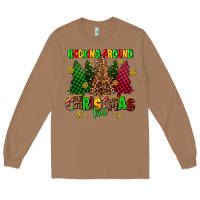Toasted Coconut rocking around the christmas tree Long Sleeve Tee - AdoDesignShop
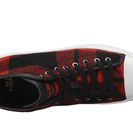 Incaltaminte Femei COACH Emerald Black Plaid WoolNappa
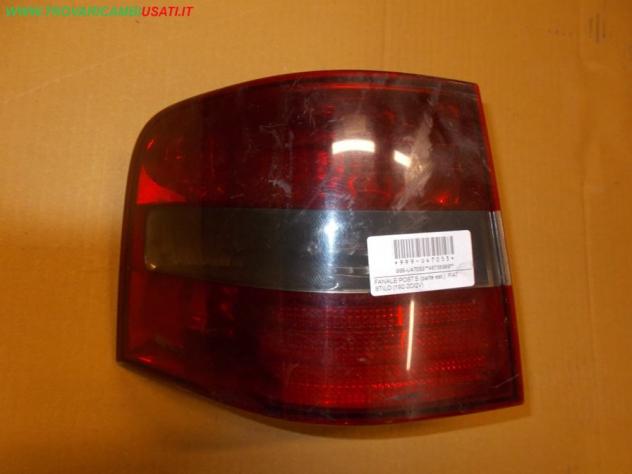 FANALE POST.S.(parte est.) FIAT STILO (192-2C/2V)  Parti elettriche  Fanaleria  Fanali  Fanale post. sx. FIAT - STILO - 01-10-2001 - 01-06-2009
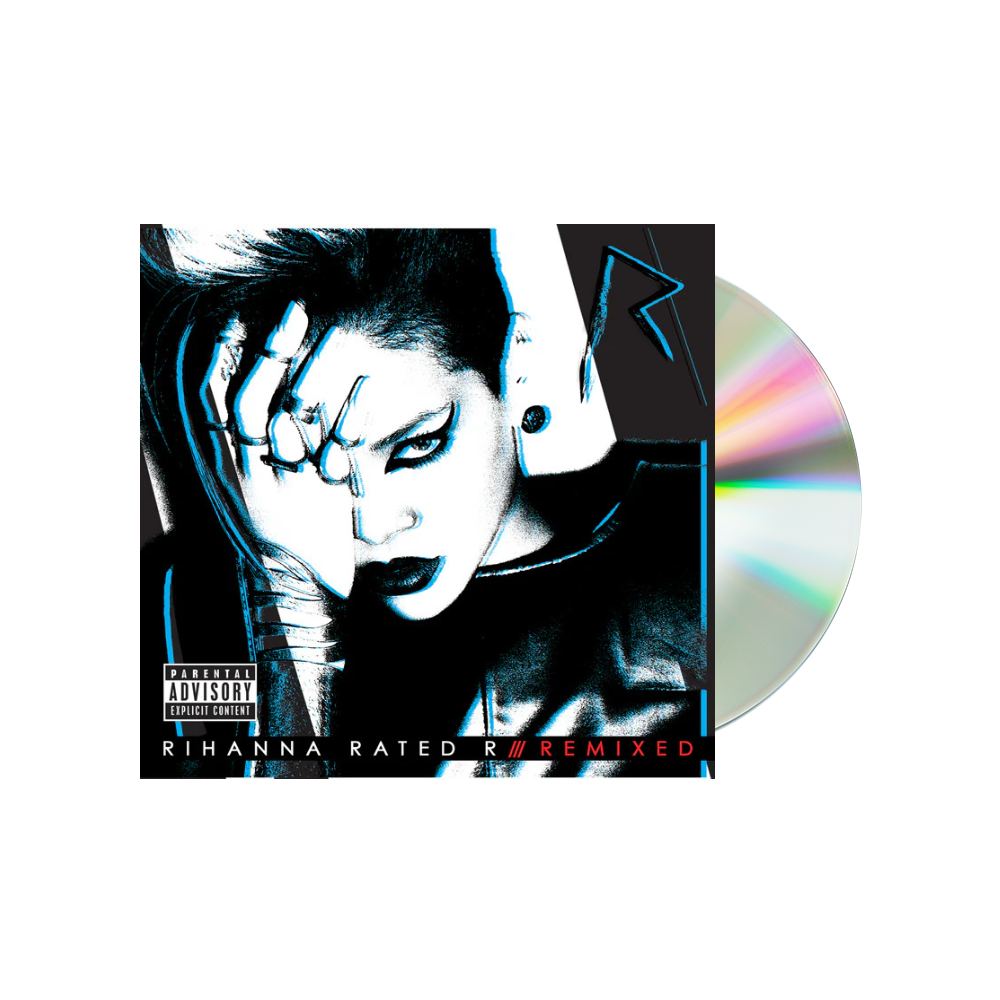 Rihanna - Rated R: Remixed [CD] |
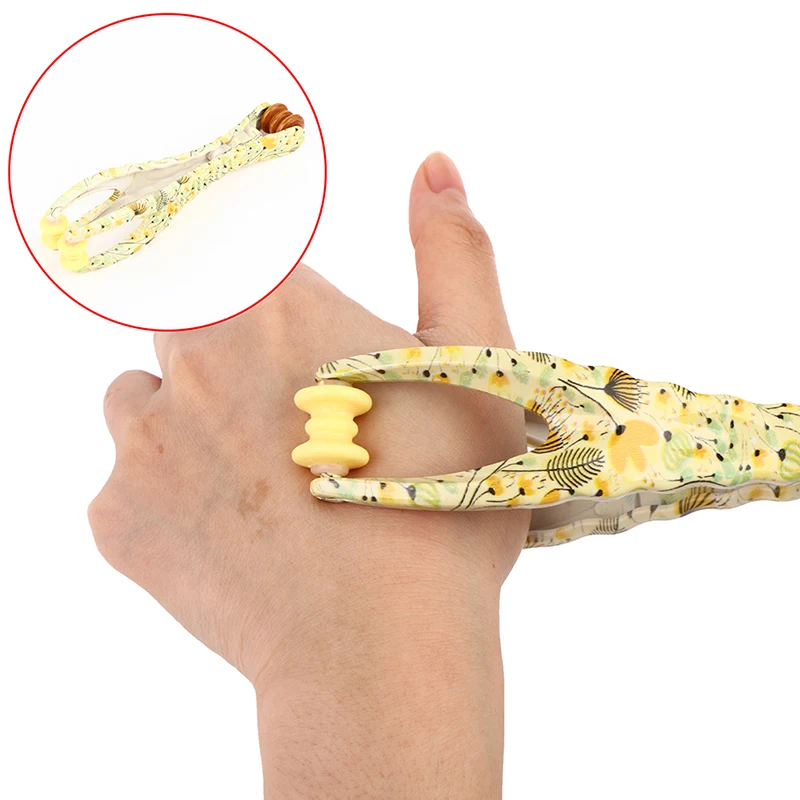 Hand Acupuncture Points Finger Joint Massager Rollers Handheld Massager Relaxation Blood Circulation Massage Tool Health Care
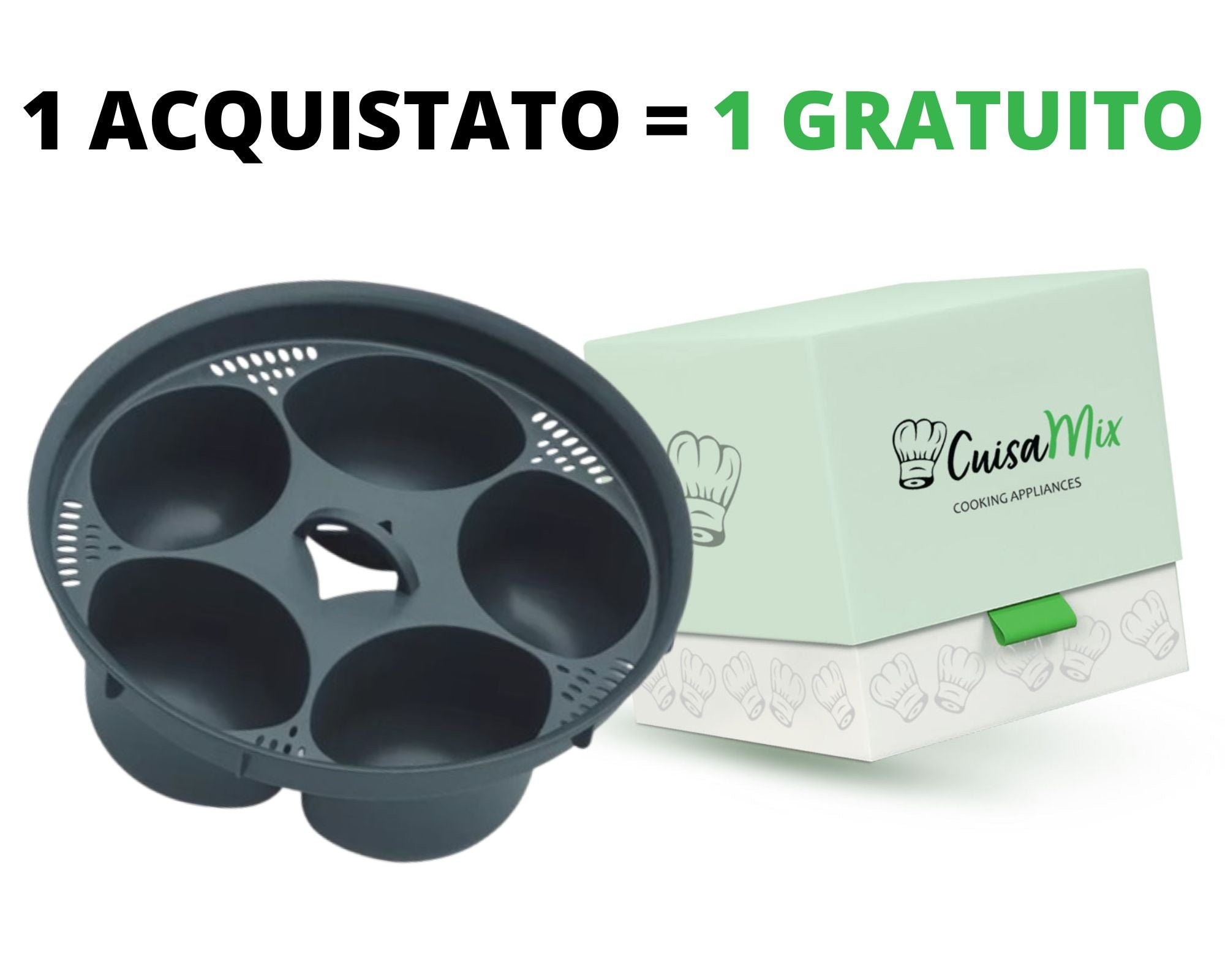 Cuisix - Cuociuova per Bimby (+ 1 GRATIS)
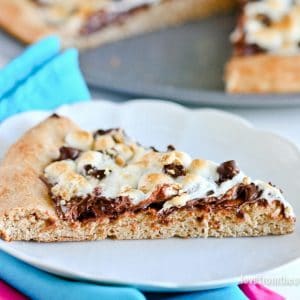 Dessert Pizza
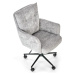 Kancelářská židle FLURIS světle šedá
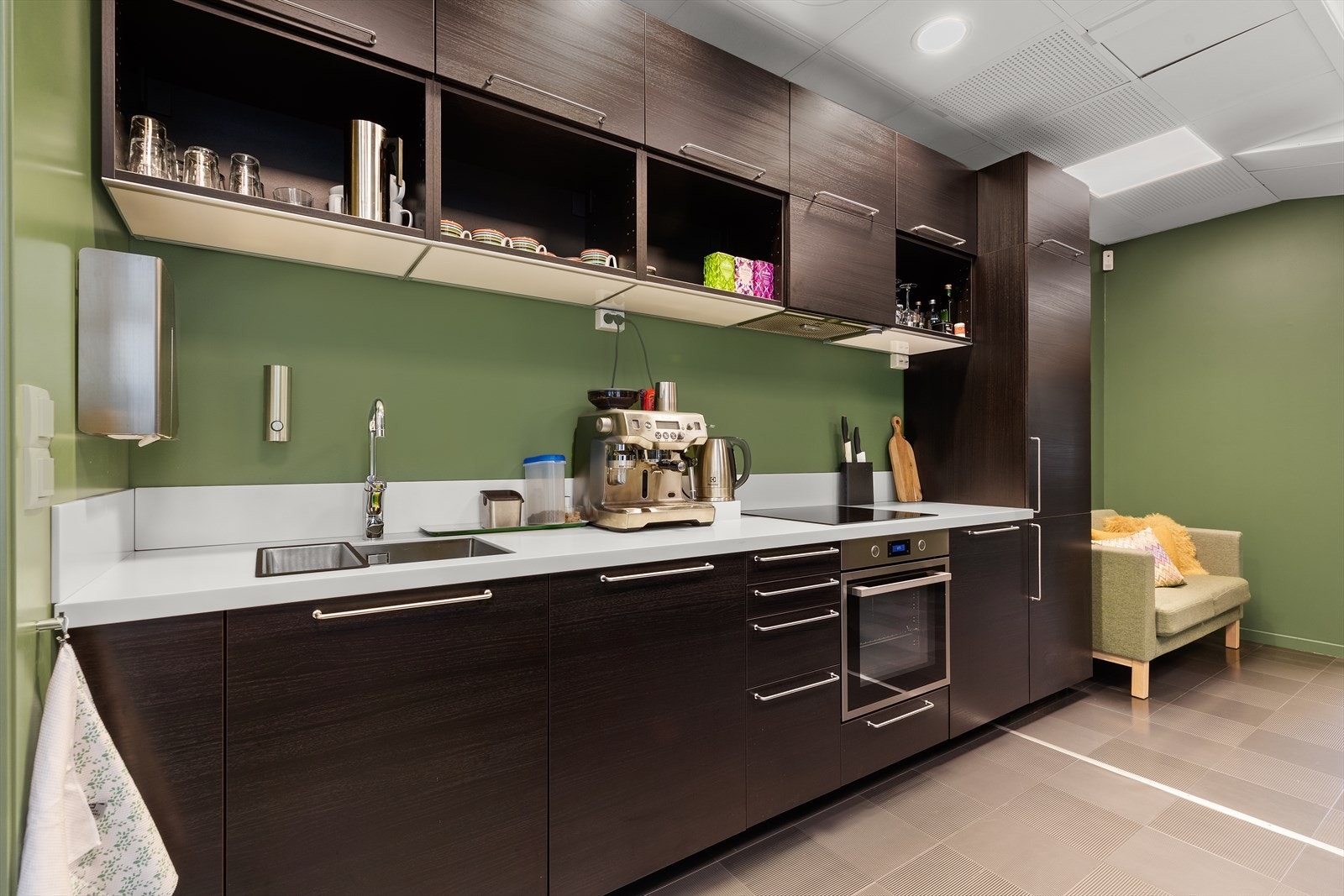 Kontorlokale på 157 kvm BTA Galleribilde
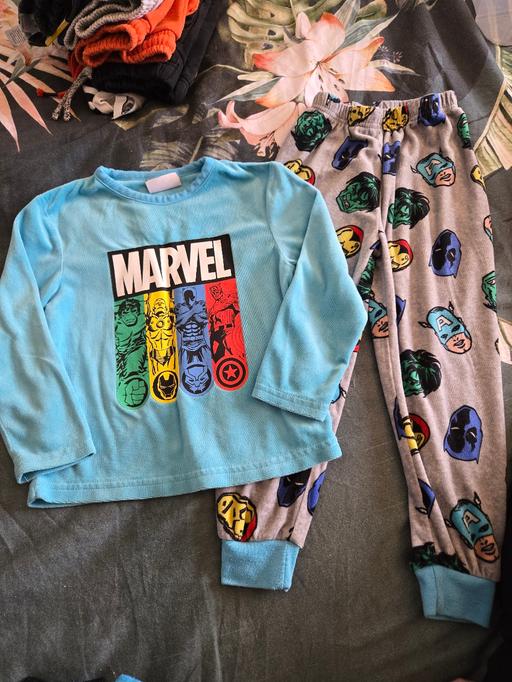 Buy & Sell Handsworth Sheffield - Photos for 3-4 years marvel pyjamas primark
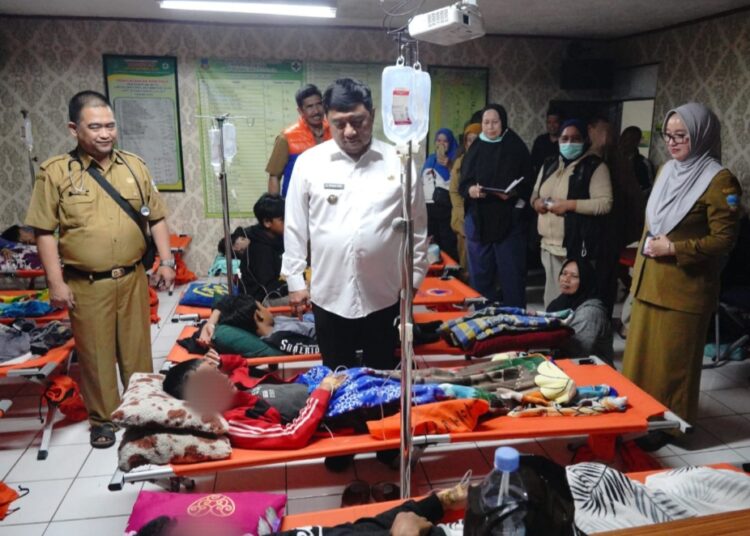 Ternyata Korban Keracunan MBG di Kadungora Garut 147 Orang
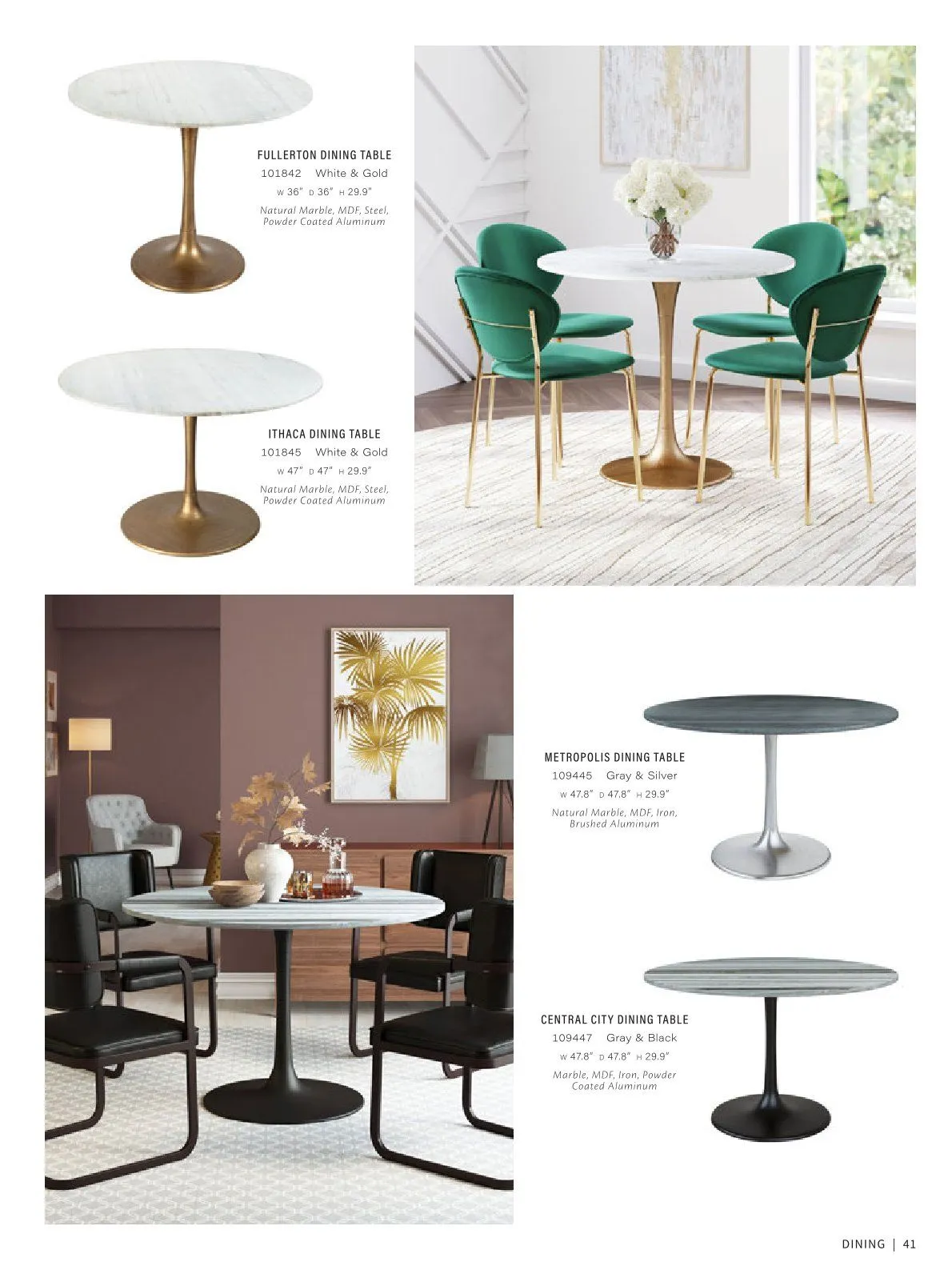 Weekly ad Zuo Modern 2025 Catalog from January 1 to December 31 2025 - Page 35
——
- WORK TASK: Up to and including the line containing "Rihanna - Rated R: Remixed [CD] |", repeat every line from the start of the data, but none of the pictures.

- FINAL ANSWER:
Toasted Coconut rocking around the christmas tree Long Sleeve Tee - AdoDesignShop
 Incaltaminte Femei COACH Emerald Black Plaid WoolNappa
 FANALE POST.S.(parte est.) FIAT STILO (192-2C/2V)  Parti elettriche  Fanaleria  Fanali  Fanale post. sx. FIAT - STILO - 01-10-2001 - 01-06-2009
 Rihanna - Rated R: Remixed [CD] |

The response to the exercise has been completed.